Er ist durchsetzungsstark.
Sie ist schwierig.
Er ist laut und klar.
Sie ist anstrengend.
Er ist ehrgeizig.
Sie ist karrieregeil.
Er hat Charisma.
Sie hat wohl ihre Tage.
Er schreit, flucht und wirft sein Glas gegen die Wand – ein Mann mit klarer Haltung.
Sie wehrt sich, setzt sich für etwas ein, ihre Stimme wird lauter – viel zu „emotional“.
Er zeigt Emotionen.
Er ist sensibel – mutig sogar.
Sie zeigt Emotionen.
Sie ist hysterisch. Überfordert. Nicht belastbar.
Oder umgekehrt:
Er zeigt Trauer oder Angst – was für eine Memme.
Das kennen wir ja durchaus auch.
Er ist abenteuerlustig.
Sie ist unberechenbar.
Er ist halt sehr beschäftigt, gestresst, er arbeitet halt viel.
Sie ist unflexibel und unzuverlässig. Vermutlich überfordert.
Es sind dieselben Eigenschaften.
Und ganz, ganz oft werden sie unterschiedlich bewertet, je nachdem, ob wir von einem Mann oder einer Frau sprechen.
Was bei Männern als Stärke gilt, gilt bei Frauen oft als Makel.
Was bei Frauen als einfühlsam gelesen wird, wirkt bei Männern plötzlich „nicht männlich genug“, weil „schwach“.
Wenn ich jetzt ganz ehrlich bin, dann muss man ja sagen, dass ganz viele Eigenschaften bei Frauen einfach als kompliziert oder schwierig eingestuft werden. Als unbequem.
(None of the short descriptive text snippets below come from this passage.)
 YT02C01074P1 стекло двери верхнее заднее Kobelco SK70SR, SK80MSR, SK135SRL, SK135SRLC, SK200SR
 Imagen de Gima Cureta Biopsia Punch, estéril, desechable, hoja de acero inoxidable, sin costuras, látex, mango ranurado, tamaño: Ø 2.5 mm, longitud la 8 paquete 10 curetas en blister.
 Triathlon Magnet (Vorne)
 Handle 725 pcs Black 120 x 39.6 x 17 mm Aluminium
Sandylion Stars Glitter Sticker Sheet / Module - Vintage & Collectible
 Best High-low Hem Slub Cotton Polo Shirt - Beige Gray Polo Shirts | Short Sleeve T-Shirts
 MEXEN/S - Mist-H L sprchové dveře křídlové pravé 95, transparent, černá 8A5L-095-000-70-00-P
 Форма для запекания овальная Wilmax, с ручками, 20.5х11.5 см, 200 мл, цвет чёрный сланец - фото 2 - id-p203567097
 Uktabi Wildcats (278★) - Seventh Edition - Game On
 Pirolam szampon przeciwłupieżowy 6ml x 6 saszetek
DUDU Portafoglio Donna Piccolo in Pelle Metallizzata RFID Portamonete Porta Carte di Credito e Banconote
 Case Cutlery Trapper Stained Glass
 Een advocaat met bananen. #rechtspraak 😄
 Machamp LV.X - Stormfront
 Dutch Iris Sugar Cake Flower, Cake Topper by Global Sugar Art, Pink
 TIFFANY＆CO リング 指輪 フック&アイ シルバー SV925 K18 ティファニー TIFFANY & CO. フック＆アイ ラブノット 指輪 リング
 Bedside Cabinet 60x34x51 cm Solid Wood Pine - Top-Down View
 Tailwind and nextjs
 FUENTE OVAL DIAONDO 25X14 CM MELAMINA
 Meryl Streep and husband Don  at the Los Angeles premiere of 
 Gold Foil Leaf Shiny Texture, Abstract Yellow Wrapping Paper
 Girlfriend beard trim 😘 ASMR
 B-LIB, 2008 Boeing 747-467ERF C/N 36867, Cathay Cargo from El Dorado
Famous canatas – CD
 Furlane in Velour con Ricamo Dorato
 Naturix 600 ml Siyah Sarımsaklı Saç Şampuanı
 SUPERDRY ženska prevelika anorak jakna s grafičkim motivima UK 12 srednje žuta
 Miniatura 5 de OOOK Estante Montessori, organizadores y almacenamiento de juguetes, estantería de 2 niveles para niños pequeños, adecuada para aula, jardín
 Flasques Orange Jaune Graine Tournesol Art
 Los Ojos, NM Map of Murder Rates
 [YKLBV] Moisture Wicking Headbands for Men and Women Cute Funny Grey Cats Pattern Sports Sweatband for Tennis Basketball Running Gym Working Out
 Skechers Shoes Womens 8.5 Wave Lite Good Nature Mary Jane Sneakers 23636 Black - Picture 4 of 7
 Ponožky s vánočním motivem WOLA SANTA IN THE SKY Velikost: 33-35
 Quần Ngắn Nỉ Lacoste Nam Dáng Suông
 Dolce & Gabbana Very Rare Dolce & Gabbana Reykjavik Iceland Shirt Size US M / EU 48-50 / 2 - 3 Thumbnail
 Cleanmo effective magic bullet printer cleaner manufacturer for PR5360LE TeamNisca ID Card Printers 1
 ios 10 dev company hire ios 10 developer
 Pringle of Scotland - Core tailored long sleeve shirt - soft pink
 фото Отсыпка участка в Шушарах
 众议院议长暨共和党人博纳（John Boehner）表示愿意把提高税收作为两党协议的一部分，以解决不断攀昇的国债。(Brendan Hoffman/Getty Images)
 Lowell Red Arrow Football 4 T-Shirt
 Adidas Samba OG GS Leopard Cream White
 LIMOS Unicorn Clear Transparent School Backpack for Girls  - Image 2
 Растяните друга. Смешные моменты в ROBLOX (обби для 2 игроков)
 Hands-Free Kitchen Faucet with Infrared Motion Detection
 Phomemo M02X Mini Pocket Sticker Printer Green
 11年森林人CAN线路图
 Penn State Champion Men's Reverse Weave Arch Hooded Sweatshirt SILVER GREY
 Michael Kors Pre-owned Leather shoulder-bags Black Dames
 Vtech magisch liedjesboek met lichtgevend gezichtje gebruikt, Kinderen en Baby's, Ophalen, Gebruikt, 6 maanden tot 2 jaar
Nicht nur die geschlechtliche Zuordnung von Eigenschaften ist problematisch, sondern auch die Bewertung an sich. Eigenschaften sind nicht einfach „gut“ oder „schlecht“ – sie sind vielschichtig, kontextabhängig, individuell. Wir alle beherbergen so ziemlich alles in uns. Menschlich zu sein bedeutet, Anteile aller verschiedener Eigenschaften in uns zu haben.
So befinden wir uns in einem Netz von Erwartungen, Urteilen und unausgesprochenen Normen. Wir alle wachsen damit auf. In Bildern, sehr stark in unserer Sprache, in Rollen. Ganz vieles hinterfragen wir nicht, weil es einfach immer so war und wir es nicht anders kennen und wohl nichts Negatives hinein-interpretieren. Und doch sagt es etwas aus und doch, zeigt es ganz viel auf.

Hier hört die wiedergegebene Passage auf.